揺れる被写体〜もっと強く愛して〜
被写体〈 Rei 〉
レイさんの忙しいスケジュールの合間を縫って超極秘プロジェクトは密かに始動しはじめた。
私自身が常に信頼を寄せている限られたメンツのみ知らされたもの。
「じゃあ、コレも運んじゃっていい感じ?」
機材の運搬を頼んでいる千ちゃん、こと千賀くん。
私と同期でずっとレイさんについてるドライバーさん。
必要な機材は全部運んで私たちが向かった場所は………
某スタジオ……ていうかレイさんの所有するスタジオだ。
アトリエ……とも言う。
私と千ちゃん以外は来たことなかったから皆は「わぁ…!」といった感じ。
コンクリート打ちっぱなしのオシャレな造り。
レイさんのセレブっぷりが皆の頭に一気に上書きされたであろう。
いやぁ、夢ある…!
私たちが目指してる人ってまさに夢を掴んだ人だから。
機材と一緒に数々の衣装も運ばれてく。
ヘアメイク、スタイリストも準備万端。
「お待たせ〜」とラフな感じでやって来てくれたレイさん。
やっとこの日を迎えることが出来た。
私にとって最高の被写体。
あの日の私を汲んでくれたレイさんの言葉。
“企画構成、セット、衣装、人件費…その他諸々、どれだけ経費がかかっても良い。
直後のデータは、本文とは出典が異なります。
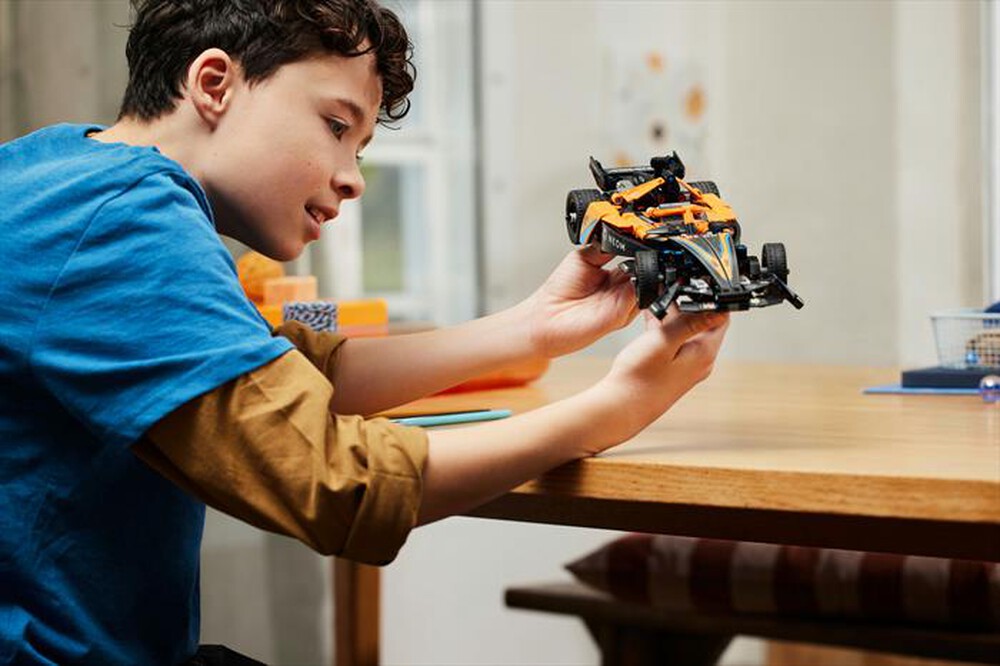 Immagine del prodotto LEGO - TECHNIC NEOM McLaren Formula E Race Car - 42169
楓ちゃんの思う通りに撮ってみな?全ての権限は楓ちゃんに委ねる。私を思う存分プロデュースしてみ?それに100%応えてあげるから”
有り難くて……嬉しくて……
やっぱり涙は止まらなかった。
まさかレイさんを被写体として撮れる日が来るなんて。
チーム楓、スタッフ一同、
一丸となって全力で取り掛からせて頂きます!!
まずはカメラマンとしての日常。
レイさんが映えるように白いシャツでカメラを構えてもらう。
襟元から見えるデコルテラインがセクシー。
あぁ、何やったってキマってしまうんだなこの人は。